Copy the records below verbatim, from the first line through the line containing "바우손만두와전 | #오늘클립챌린지", inclusive, and output nothing else.

Data excerpts -
═══

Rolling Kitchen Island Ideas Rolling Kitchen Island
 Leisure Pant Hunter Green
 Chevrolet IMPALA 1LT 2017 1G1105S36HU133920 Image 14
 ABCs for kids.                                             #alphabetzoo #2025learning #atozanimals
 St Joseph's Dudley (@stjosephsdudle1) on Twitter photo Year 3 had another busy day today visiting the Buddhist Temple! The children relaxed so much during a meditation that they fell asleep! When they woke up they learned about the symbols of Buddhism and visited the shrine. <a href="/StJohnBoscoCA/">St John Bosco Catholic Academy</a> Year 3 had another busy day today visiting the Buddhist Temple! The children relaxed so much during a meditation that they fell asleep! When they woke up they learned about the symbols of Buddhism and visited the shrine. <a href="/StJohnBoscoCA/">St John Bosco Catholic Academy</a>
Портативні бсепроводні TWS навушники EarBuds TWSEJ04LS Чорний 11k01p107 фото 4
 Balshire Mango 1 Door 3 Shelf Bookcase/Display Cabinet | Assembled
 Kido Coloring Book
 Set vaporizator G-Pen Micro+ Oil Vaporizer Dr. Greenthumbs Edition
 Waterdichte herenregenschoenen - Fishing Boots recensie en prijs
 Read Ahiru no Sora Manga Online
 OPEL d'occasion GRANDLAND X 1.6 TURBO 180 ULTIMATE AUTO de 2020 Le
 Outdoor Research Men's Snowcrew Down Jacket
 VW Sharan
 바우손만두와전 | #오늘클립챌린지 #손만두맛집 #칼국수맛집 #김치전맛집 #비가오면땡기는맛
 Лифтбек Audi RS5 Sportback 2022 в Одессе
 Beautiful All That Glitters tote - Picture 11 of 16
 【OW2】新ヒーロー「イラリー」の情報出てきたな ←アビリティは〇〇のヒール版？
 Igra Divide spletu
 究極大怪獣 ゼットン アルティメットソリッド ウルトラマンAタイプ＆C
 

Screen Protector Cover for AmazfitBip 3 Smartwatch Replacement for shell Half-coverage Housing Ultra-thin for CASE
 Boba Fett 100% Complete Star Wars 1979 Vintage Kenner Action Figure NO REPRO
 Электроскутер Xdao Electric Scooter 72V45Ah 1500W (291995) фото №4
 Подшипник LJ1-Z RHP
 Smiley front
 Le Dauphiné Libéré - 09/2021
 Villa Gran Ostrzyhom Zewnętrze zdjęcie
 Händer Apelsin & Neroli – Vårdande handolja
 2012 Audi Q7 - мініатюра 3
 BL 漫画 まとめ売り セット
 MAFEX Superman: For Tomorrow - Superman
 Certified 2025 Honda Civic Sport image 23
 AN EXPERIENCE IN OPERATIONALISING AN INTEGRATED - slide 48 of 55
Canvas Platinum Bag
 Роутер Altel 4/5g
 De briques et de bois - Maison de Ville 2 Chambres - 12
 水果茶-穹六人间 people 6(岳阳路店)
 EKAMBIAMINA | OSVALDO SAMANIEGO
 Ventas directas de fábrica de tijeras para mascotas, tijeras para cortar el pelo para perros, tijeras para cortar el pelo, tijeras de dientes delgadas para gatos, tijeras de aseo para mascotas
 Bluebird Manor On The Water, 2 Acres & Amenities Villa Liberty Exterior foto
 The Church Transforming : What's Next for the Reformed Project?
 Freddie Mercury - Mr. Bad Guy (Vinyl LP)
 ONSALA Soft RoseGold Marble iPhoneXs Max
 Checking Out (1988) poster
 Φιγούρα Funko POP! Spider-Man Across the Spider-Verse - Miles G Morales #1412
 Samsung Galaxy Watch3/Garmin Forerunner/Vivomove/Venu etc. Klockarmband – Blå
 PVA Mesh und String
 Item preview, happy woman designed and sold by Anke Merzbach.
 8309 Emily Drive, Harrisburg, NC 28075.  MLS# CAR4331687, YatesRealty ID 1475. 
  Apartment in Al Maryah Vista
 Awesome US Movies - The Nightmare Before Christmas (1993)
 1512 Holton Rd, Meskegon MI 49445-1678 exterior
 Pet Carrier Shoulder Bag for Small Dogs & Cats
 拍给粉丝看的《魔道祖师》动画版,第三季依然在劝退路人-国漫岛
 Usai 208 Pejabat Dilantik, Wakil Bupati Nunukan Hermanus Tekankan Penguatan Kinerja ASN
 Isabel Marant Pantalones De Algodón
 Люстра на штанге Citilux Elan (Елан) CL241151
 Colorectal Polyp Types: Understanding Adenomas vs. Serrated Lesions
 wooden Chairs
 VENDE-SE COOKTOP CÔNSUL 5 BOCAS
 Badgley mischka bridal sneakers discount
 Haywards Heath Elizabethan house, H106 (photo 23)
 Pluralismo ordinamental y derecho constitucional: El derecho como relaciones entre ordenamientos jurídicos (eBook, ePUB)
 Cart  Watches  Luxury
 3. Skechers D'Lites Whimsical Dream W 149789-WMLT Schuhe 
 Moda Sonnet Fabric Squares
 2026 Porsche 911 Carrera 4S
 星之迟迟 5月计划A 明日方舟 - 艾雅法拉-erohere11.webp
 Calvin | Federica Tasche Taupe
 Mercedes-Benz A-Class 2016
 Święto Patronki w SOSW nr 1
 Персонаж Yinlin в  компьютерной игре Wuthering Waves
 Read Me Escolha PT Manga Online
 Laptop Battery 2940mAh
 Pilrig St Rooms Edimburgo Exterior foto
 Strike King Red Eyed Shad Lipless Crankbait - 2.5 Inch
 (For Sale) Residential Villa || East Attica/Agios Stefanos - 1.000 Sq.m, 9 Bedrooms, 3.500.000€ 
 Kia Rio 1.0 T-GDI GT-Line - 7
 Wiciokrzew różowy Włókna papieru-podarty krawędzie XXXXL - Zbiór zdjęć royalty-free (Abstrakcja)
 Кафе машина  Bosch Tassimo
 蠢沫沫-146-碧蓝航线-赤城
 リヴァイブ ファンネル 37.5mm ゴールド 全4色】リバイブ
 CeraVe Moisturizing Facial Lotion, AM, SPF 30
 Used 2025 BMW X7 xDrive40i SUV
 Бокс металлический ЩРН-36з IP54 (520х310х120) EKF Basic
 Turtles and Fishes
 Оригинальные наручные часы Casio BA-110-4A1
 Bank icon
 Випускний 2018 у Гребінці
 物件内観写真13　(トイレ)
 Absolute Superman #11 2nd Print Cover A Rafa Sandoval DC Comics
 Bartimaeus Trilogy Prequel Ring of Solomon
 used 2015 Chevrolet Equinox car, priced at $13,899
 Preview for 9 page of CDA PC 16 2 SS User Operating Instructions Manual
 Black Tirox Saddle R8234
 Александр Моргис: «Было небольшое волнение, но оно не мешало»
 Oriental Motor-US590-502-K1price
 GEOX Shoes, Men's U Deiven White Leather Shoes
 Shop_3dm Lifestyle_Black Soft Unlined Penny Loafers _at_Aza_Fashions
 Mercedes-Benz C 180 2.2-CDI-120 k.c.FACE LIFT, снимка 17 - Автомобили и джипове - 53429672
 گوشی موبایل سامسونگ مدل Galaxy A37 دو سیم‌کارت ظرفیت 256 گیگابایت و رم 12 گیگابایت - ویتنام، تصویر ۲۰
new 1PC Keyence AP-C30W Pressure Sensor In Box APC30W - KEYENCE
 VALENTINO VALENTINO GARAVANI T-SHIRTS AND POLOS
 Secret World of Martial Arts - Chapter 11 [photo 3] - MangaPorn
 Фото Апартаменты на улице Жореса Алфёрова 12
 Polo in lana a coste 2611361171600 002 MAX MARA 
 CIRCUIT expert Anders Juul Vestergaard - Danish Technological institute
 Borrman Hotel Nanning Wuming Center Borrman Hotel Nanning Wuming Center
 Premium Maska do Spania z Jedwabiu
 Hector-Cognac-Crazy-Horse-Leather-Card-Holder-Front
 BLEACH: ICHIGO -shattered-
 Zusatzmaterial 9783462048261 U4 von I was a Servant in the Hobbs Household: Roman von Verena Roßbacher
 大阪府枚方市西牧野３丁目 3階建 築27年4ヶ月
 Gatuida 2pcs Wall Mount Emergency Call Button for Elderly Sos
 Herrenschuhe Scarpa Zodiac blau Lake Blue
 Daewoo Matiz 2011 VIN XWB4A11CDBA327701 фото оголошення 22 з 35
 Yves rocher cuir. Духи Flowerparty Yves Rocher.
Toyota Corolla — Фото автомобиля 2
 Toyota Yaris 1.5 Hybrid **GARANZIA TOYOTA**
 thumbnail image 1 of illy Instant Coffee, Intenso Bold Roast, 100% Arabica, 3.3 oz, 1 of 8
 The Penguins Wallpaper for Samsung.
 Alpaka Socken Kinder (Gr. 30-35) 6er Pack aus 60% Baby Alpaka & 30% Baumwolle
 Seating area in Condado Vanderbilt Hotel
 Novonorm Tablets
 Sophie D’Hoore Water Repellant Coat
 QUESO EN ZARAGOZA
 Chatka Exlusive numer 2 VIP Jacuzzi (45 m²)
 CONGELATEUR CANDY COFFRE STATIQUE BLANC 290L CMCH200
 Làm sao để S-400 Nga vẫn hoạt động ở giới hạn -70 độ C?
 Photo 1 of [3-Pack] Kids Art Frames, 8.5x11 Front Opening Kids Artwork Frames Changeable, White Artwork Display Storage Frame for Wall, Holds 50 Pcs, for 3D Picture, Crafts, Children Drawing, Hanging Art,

═══

Written response -
Rolling Kitchen Island Ideas Rolling Kitchen Island
 Leisure Pant Hunter Green
 Chevrolet IMPALA 1LT 2017 1G1105S36HU133920 Image 14
 ABCs for kids.                                             #alphabetzoo #2025learning #atozanimals
 St Joseph's Dudley (@stjosephsdudle1) on Twitter photo Year 3 had another busy day today visiting the Buddhist Temple! The children relaxed so much during a meditation that they fell asleep! When they woke up they learned about the symbols of Buddhism and visited the shrine. <a href="/StJohnBoscoCA/">St John Bosco Catholic Academy</a> Year 3 had another busy day today visiting the Buddhist Temple! The children relaxed so much during a meditation that they fell asleep! When they woke up they learned about the symbols of Buddhism and visited the shrine. <a href="/StJohnBoscoCA/">St John Bosco Catholic Academy</a>
Портативні бсепроводні TWS навушники EarBuds TWSEJ04LS Чорний 11k01p107 фото 4
 Balshire Mango 1 Door 3 Shelf Bookcase/Display Cabinet | Assembled
 Kido Coloring Book
 Set vaporizator G-Pen Micro+ Oil Vaporizer Dr. Greenthumbs Edition
 Waterdichte herenregenschoenen - Fishing Boots recensie en prijs
 Read Ahiru no Sora Manga Online
 OPEL d'occasion GRANDLAND X 1.6 TURBO 180 ULTIMATE AUTO de 2020 Le
 Outdoor Research Men's Snowcrew Down Jacket
 VW Sharan
 바우손만두와전 | #오늘클립챌린지 #손만두맛집 #칼국수맛집 #김치전맛집 #비가오면땡기는맛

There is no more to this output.